What to produce — Some entries follow. Reproduce exactly the lines starting at the one with "Une personne autochtone" and stopping after the one with "image for item".

Extracted information —

=== Begin Enclosure ===

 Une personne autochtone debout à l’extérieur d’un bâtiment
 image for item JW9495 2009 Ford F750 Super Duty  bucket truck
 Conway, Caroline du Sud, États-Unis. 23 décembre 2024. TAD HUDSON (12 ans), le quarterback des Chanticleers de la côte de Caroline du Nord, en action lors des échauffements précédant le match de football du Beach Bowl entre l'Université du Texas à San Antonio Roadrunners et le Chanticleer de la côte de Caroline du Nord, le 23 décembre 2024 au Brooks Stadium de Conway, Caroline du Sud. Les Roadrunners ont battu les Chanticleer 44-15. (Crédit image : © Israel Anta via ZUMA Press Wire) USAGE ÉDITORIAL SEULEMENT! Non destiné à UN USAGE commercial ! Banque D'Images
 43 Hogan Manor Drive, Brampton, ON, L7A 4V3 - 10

=== End Enclosure ===
=== Begin Enclosure ===

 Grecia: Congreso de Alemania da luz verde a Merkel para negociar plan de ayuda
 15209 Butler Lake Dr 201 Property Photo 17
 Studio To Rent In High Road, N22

=== End Enclosure ===

Result of this task —
 Une personne autochtone debout à l’extérieur d’un bâtiment
 image for item JW9495 2009 Ford F750 Super Duty  bucket truck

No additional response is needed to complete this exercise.